• [WHAT YOU HAVE TO DO]:
Starting at the line that contains "Copper Fish Pendant Pave Zirconia Mixed", copy every line through the end of the records below exactly as written, leaving out pictures.

• [DATA LISTING]:
+ + + + + + +

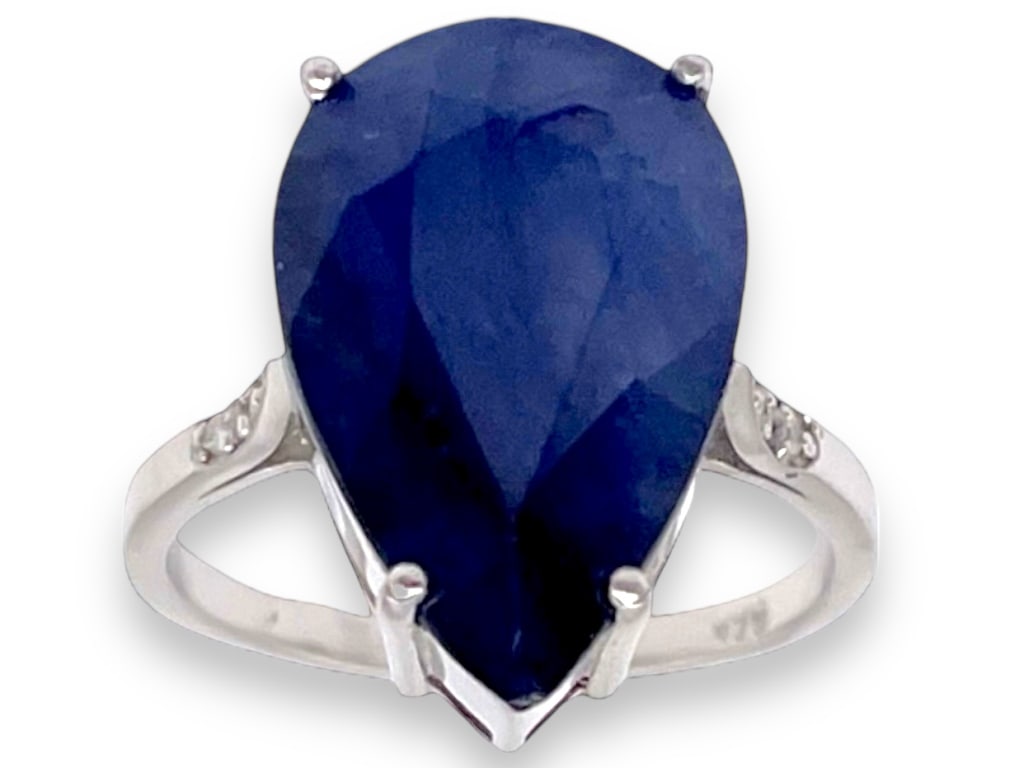 11CT PEAR CUT BLUE SAPPHIRE RING, .09CT DIAMOND (1 of 4)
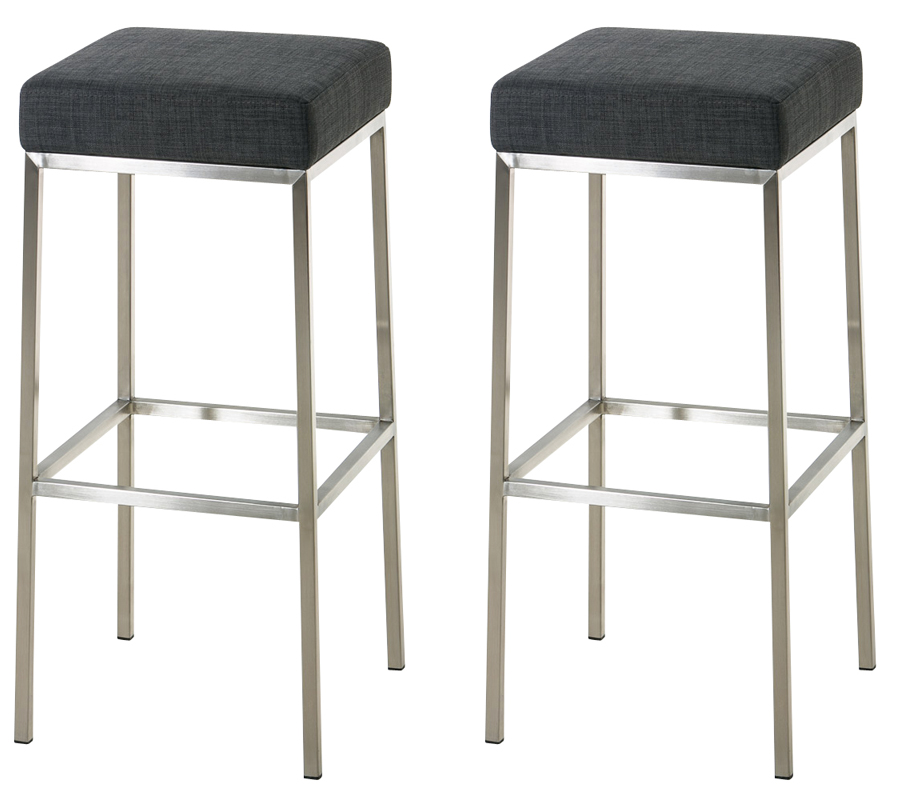 Lot de 2 tabourets de bar Montréal avec revêtement en tissu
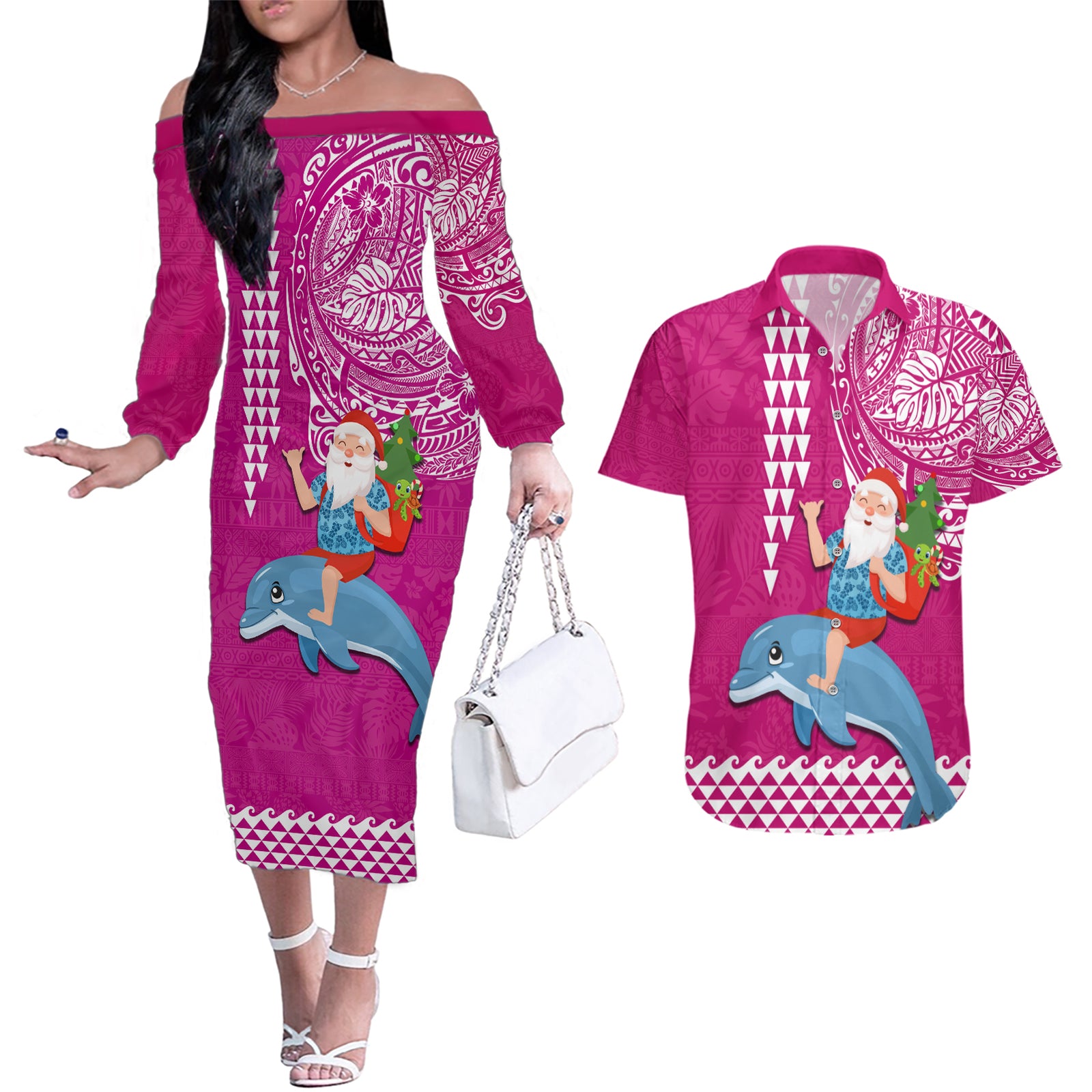 Custom Hawaii Mele Kalikimaka Couples Matching Off The Shoulder Long Sleeve Dress and Hawaiian Shirt Santa Riding The DolPhin Mix Kakau Pattern Pink Style LT03 Pink - Polynesian Pride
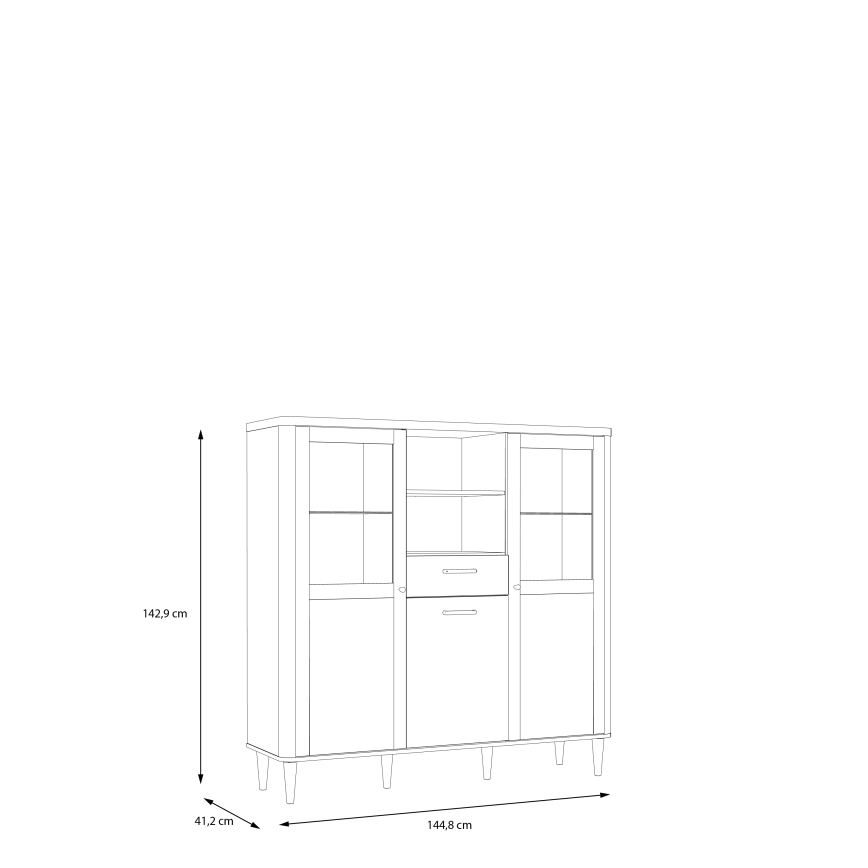 Vitrína VIRO hnedá/béžová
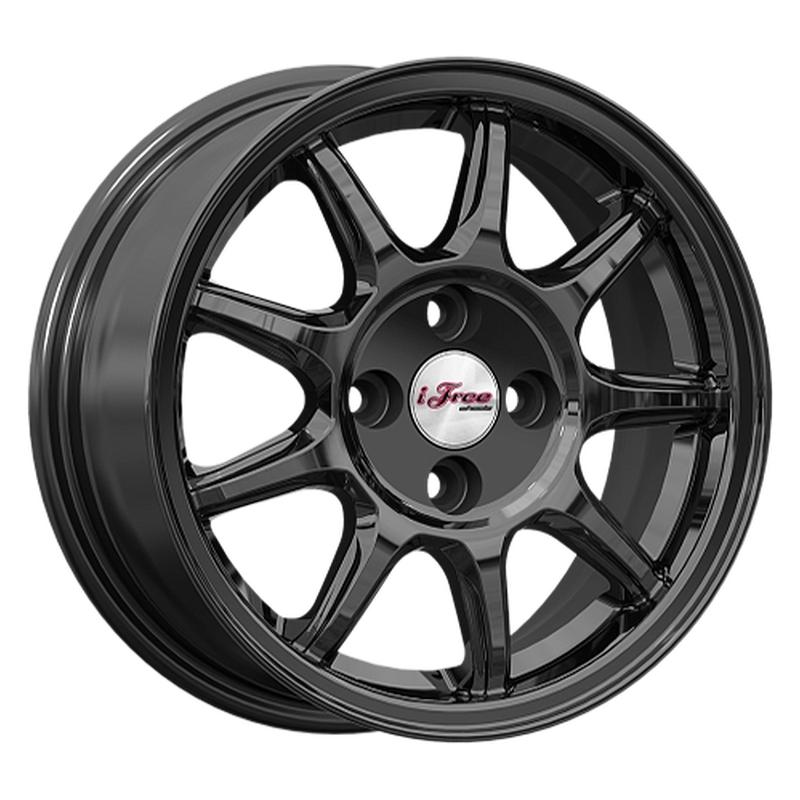 Литой диск iFree KC1068-bk Эвил 5.5x14 4x98 DIA58.5  ET35  BK / Чёрный глянцевый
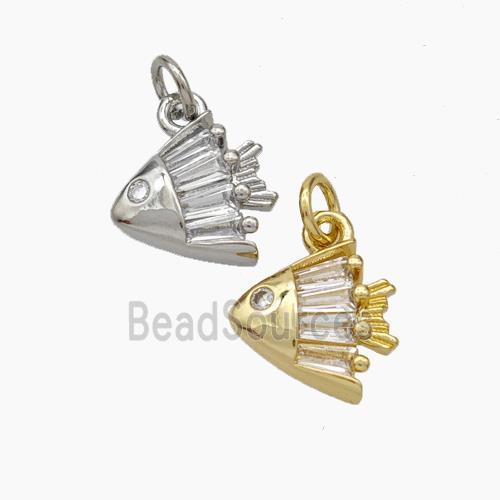 Copper Fish Pendant Pave Zirconia Mixed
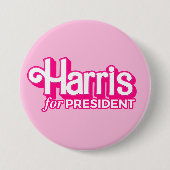 Harris für President Pink Style Button (Vorderseite)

+ + + + + + +

• [RESULT BELOW]:
 Copper Fish Pendant Pave Zirconia Mixed
 Harris für President Pink Style Button (Vorderseite)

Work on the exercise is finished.